It’s almost Black Friday. I don’t even enjoy shopping on a regular day, so I won’t be going out to brave the crowds. But I did want to write a post of appreciation for a few of the best toys in my house. Toys are pretty important for those little ones, and with so many to choose from, choosing the right ones for gifts is a big deal. These are toys that have lent a nice atmosphere to our home. I’m not going to link it to Amazon or be very specific. You can do your own research. I just wanted to share the general type of toy.
The number one best toy for my son is the wooden, connectable train track. It has a lot of pieces, can be put together many, many ways, has clear instructions for four impressive track plans (which I laminated), and has stood the test of time. We gave it to my son when he was three. He is now almost nine. It still gets happily played with.
Toys for girls are a little harder to choose because my girls play with a wider variety of things. Both girls have had a lot of fun with a jump rope I picked up for a quarter at a garage sale. And yes, I let them jump rope in the house. We have high ceilings.
Mostly, my girls like to accumulate things. The more stuffed animals, the better. The more little figurines, the better. The more dolls, the better. They play pretend with these things, scattering them all about the house, making endless collections of them in strange places. Sometimes they use their small dollhouses, sometimes they don’t. Barbie dolls are included here. I know that’s controversial, but I don’t think I was scarred for life by playing with Barbies, so I doubt they will be either. So the girls like multitudes of small things for pretend play.
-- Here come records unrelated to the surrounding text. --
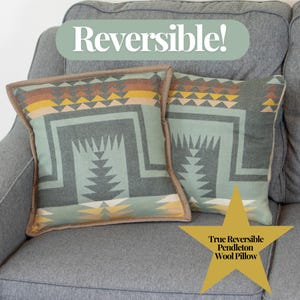 May include: Two reversible Pendleton wool pillows with geometric patterns in shades of gray, teal, yellow, and brown. The pillows have a tan border and are displayed on a gray couch. The text "Reversible!" and "True Reversible Pendleton Wool Pillow" are visible.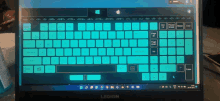 a legion laptop is turned on and displaying a green keyboard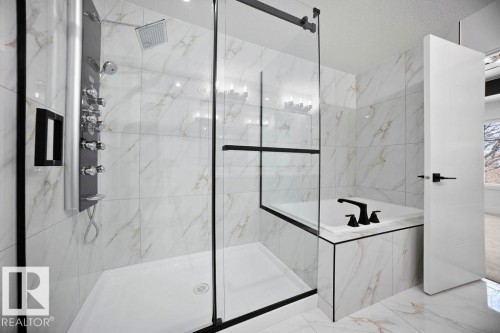 Luxury bathroom featuring a glass-enclosed shower with a multi-function shower panel and a built-in bathtub, all complemented by marble-patterned wall and floor tiles - 12307 91 St Nw, Edmonton, AB - Indoor Photo Showing Bathroom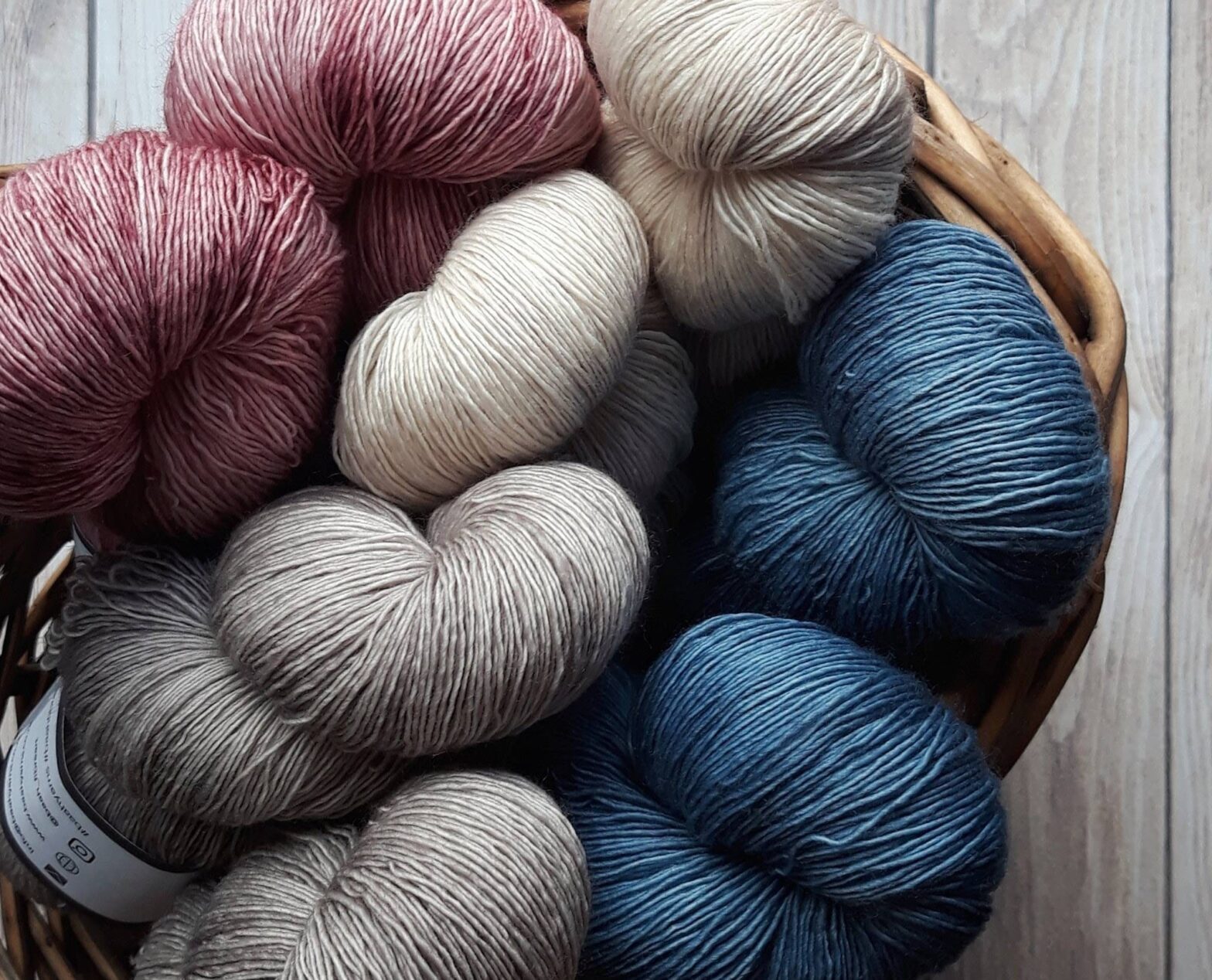 image of different coloured bunches of wool thread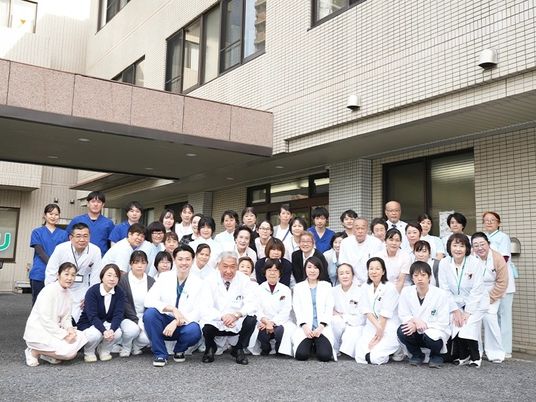 建物外観の前のスタッフ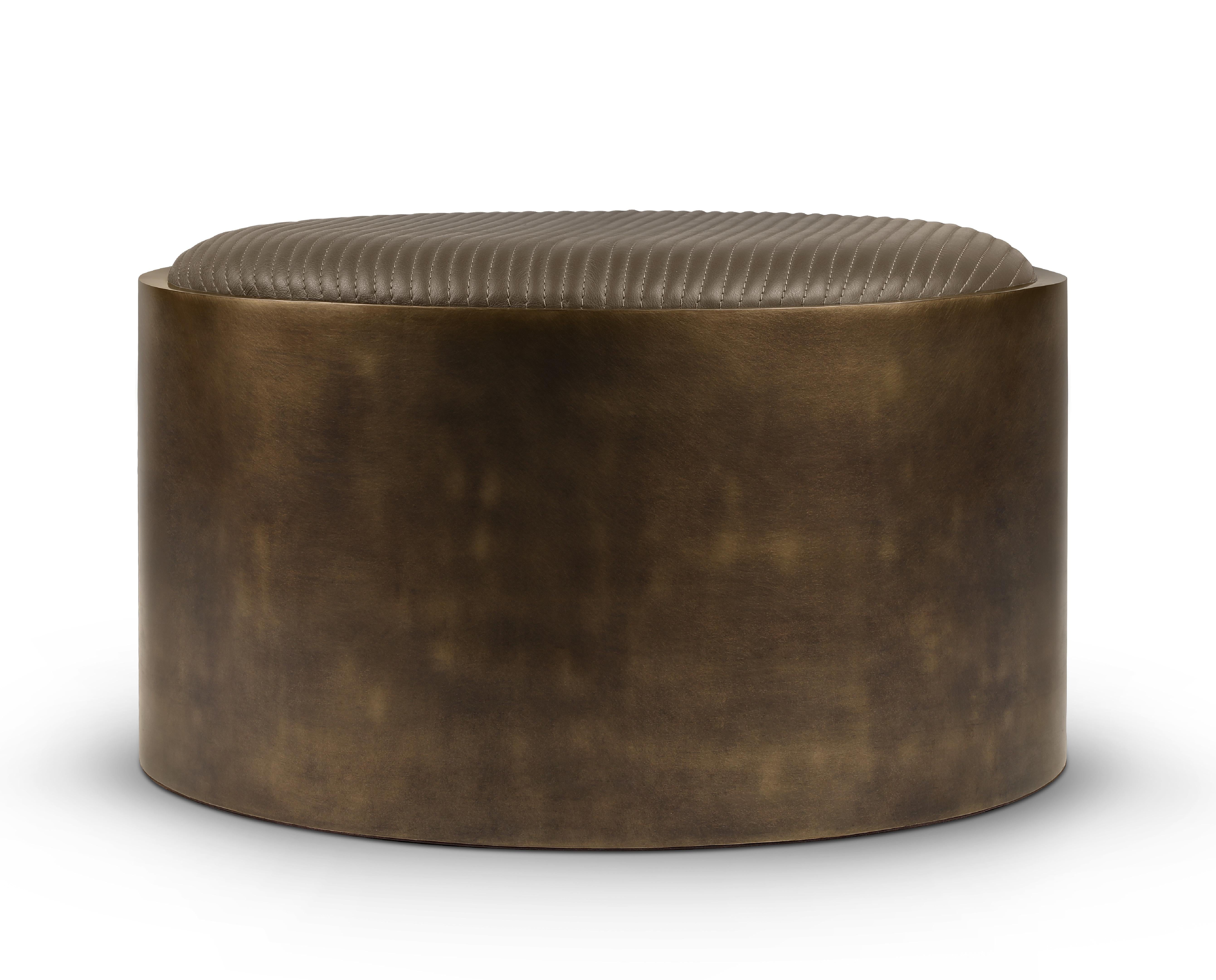 Handstitched Mira Pouf by Madheke.
Dimensions: W 53 x D 53 x H 31.5 cm.
Materials: Leather, metal.

Finished in a deep bronzed olive tone the MIRA’s earthy palette will adapt to most interiors. Detailed with a linear stitch detail and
Thinking back to my own childhood, I remember playing with my paper dolls a lot. I scattered them around in strange places (I suppose my mother thought), but really I had a very intricate world planned for them. I think that might be why I am a fiction writer today. I still have those intricate worlds in my head, and I like to move people around in them. I hope the toys my own kids play with inspire them well into adulthood.